The Almost Complete Collection of True Singapore Ghost Stories (also True Singapore Ghost Stories or TSGS) is the bestselling book series in Singapore. With over 1.5 million copies sold, the series has become a household name since its inception in 1989. Russell Lee, a Singaporean author, compiles reports, stories and interviews about the supernatural. Light and entertaining, each book, which comprises about 30 stories, appeals to both children and mature readers. The latest book (26th book) in the series was released in 2020.

Most of the stories take place in Asia but some take place in other parts of the world. Lee also includes articles about the paranormal, featuring detailed investigations into the occult, witchcraft, vampires and other similar topics. The books are sold in Singapore, Malaysia, Indonesia and some other neighbouring countries.

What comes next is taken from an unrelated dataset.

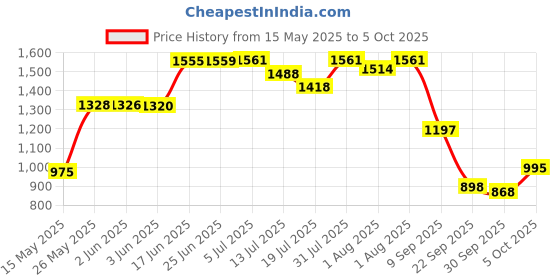 flipkart.com panda creation Musical Activity Walker panda creation Price History Graph from 15 May 2025 to 5 Oct 2025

Russell Lee is the author of the series. He has been writing about the supernatural since 1989.

Books
Below are a list of books published under the series:

Television Series
A 13-part TV series, True Singapore Ghost Stories, has been produced by I-Media Entertainment in Singapore.

USS Collaboration
In 2015, Russell Lee and Universal Studios Singapore collaborated in the production of Halloween Horror Nights at Resorts World Sentosa. Stories and characters from the book series were used in the month-long event. It was like experiencing True Singapore Ghost Stories with a Hollywood twist.

Reception 
According to the Singapore Book of Records, the True Singapore Ghost Stories is the best-selling local series by a team of writers, and the all-time best-selling local book series, in Singapore.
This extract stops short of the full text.